Remember, performance factors are all about how you can provide a higher profit for Amazon. If they say zoom increases sales, then your images better be zoomable. This simple tweak to your listings can boost your rankings, and have a snowball effect for increasing conversions, which in turn will also impact your rankings in a positive way.

Product pricing

Price is another major factor in the ranking snowball effect you can leverage for optimal Amazon SEO. There is no secret that price is a major buying decision for consumers. If your product pricing is better or comparable to other sites, chances are, consumers will opt to buy your product via Amazon.

The more sales you receive on Amazon, the more sessions, the more conversions, and better rankings of your products.

A good example of comparable prices across similar products is for refurbished iPhone 6 16GB smartphones.

The market for iPhone 6 mobile devices is so saturated, sellers need to make their products as marketable as possible.

You should do a bit of Amazon product research in your category as well. You want to make sure your product price is also better or comparable to other sellers that will be alongside you in the results pages.

For instance, if you are selling refurbished iPhones $100 more than other sellers, you may find your rankings less desirable. This could happen due to low conversions based on higher pricing, or Amazon concluded your products would not fare well, thus ranking them lower from the get go.

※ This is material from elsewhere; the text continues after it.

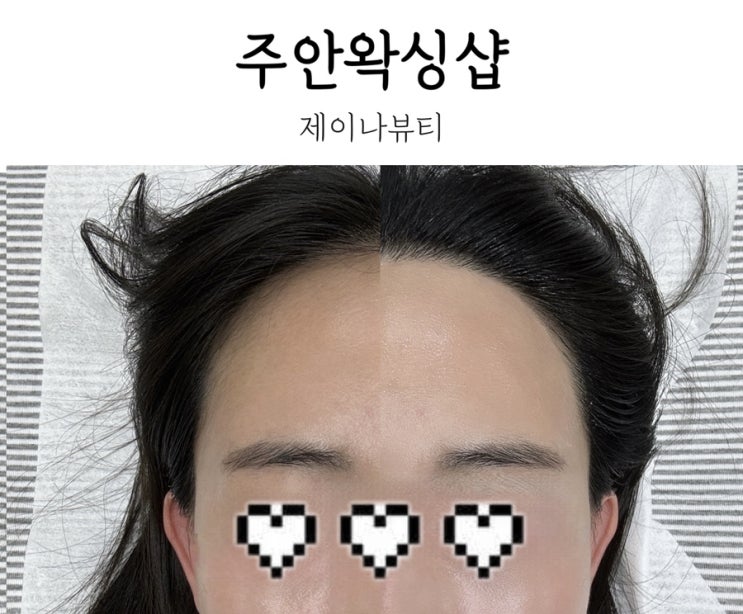  웨딩촬영 필수 헤어라인왁싱 주안왁싱샵 추천 후기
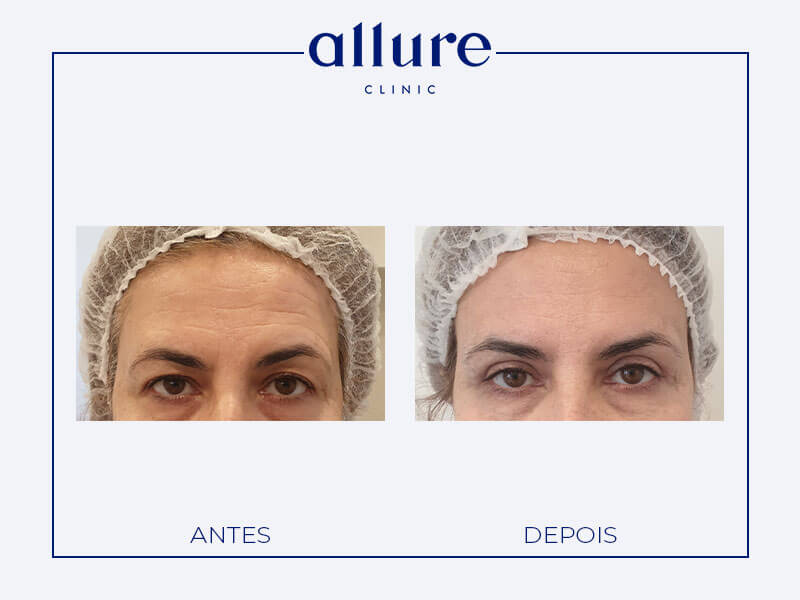 Blefaroplastia - allure clinic no porto - cirurgia plástica - dra carolina andresen - caso-02- frente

Amazon ranking factors based on relevance

Now that you know how to optimize for the performance factors that Amazon uses to calculate its profit, it’s time to look at relevance factors. Relevance factors are all about search query relevancy, and can be easier to optimize for than performance factors.

6

Product listing title

The title you choose for your product listings are in fact one of the most important relevance factors. It is where you will place your most valuable keywords, as well as a few other description related search terms to help users find your products on page one and above the fold.

A few essentials to include in your title are:

  • Product Brand
  • Description
  • Line of the Product
  • Color
  • Material
  • Size or Dimensions
  • Quantity

Amazon, like Google, does advocate against keyword stuffing, but valuable keywords should be placed in your product title. A good title will influence users to click on your listing. Giving consumers a very clear idea of what the product is will secure a higher CTR.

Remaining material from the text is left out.